Which lines belong in the answer? Exactly those from the line containing "New 2026 Chevrolet Traverse RS image 17" through the last line of the records below, repeated as written.

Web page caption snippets

Segment Open

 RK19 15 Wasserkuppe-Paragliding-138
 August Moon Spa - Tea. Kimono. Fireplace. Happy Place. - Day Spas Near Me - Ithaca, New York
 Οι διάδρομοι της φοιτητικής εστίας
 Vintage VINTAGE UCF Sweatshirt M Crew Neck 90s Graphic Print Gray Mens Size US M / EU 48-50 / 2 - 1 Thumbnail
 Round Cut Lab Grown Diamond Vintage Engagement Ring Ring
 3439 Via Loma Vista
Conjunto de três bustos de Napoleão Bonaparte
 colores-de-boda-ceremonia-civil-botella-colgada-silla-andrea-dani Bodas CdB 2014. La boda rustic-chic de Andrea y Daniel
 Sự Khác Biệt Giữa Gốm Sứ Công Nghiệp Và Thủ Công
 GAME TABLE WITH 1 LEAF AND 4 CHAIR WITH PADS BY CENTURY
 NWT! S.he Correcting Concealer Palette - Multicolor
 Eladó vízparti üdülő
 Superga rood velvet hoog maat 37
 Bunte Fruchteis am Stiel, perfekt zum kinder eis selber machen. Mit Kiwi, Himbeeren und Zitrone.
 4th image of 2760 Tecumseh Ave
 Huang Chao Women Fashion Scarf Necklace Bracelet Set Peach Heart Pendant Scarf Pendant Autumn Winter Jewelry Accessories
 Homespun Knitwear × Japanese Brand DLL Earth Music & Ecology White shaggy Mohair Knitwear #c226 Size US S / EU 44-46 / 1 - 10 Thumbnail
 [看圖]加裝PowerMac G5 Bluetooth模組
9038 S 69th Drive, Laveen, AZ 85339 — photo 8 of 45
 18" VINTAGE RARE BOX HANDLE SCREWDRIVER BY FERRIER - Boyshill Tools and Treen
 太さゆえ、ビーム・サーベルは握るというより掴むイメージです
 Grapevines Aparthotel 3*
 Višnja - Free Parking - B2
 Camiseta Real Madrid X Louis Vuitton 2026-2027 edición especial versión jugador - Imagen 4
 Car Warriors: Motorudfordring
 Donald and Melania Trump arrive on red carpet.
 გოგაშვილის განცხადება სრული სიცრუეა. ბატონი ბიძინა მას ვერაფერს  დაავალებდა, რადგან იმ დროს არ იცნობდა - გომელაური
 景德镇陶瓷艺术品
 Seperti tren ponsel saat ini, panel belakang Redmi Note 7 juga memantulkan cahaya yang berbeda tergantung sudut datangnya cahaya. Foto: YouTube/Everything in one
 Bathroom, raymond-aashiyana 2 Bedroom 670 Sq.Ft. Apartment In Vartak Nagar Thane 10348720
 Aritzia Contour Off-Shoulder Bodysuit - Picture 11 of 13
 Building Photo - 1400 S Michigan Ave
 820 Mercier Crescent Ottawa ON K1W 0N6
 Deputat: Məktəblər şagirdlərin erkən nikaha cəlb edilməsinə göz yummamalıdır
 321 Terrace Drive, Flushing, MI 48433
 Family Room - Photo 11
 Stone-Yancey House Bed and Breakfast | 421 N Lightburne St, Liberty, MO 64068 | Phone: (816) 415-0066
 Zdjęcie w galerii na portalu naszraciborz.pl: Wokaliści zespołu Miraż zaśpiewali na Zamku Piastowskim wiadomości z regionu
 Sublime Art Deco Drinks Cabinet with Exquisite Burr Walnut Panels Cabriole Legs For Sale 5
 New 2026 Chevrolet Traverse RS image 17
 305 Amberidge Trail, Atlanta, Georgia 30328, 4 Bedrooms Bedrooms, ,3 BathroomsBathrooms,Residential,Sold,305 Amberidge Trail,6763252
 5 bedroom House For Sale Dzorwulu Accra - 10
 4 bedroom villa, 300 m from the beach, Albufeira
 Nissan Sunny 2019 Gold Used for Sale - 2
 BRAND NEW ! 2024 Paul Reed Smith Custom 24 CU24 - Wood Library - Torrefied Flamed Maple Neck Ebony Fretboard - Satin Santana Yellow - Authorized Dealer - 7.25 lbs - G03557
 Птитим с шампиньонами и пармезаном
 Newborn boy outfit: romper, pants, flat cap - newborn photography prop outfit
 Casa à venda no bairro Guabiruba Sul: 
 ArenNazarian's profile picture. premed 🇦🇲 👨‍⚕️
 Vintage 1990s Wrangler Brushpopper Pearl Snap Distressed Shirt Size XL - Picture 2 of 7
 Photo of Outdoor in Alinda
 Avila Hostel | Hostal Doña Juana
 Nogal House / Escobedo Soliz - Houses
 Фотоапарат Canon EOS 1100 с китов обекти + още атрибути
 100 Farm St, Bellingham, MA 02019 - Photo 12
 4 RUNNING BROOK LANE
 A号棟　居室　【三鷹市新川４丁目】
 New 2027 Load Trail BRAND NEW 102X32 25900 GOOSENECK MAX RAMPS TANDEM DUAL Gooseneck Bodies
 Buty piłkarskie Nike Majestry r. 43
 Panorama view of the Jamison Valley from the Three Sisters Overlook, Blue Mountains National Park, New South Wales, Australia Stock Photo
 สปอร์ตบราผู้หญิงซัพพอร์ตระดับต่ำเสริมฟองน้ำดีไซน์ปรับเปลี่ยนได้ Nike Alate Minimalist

Segment Closed

OUTPUT
 New 2026 Chevrolet Traverse RS image 17
 305 Amberidge Trail, Atlanta, Georgia 30328, 4 Bedrooms Bedrooms, ,3 BathroomsBathrooms,Residential,Sold,305 Amberidge Trail,6763252
 5 bedroom House For Sale Dzorwulu Accra - 10
 4 bedroom villa, 300 m from the beach, Albufeira
 Nissan Sunny 2019 Gold Used for Sale - 2
 BRAND NEW ! 2024 Paul Reed Smith Custom 24 CU24 - Wood Library - Torrefied Flamed Maple Neck Ebony Fretboard - Satin Santana Yellow - Authorized Dealer - 7.25 lbs - G03557
 Птитим с шампиньонами и пармезаном
 Newborn boy outfit: romper, pants, flat cap - newborn photography prop outfit
 Casa à venda no bairro Guabiruba Sul: 
 ArenNazarian's profile picture. premed 🇦🇲 👨‍⚕️
 Vintage 1990s Wrangler Brushpopper Pearl Snap Distressed Shirt Size XL - Picture 2 of 7
 Photo of Outdoor in Alinda
 Avila Hostel | Hostal Doña Juana
 Nogal House / Escobedo Soliz - Houses
 Фотоапарат Canon EOS 1100 с китов обекти + още атрибути
 100 Farm St, Bellingham, MA 02019 - Photo 12
 4 RUNNING BROOK LANE
 A号棟　居室　【三鷹市新川４丁目】
 New 2027 Load Trail BRAND NEW 102X32 25900 GOOSENECK MAX RAMPS TANDEM DUAL Gooseneck Bodies
 Buty piłkarskie Nike Majestry r. 43
 Panorama view of the Jamison Valley from the Three Sisters Overlook, Blue Mountains National Park, New South Wales, Australia Stock Photo
 สปอร์ตบราผู้หญิงซัพพอร์ตระดับต่ำเสริมฟองน้ำดีไซน์ปรับเปลี่ยนได้ Nike Alate Minimalist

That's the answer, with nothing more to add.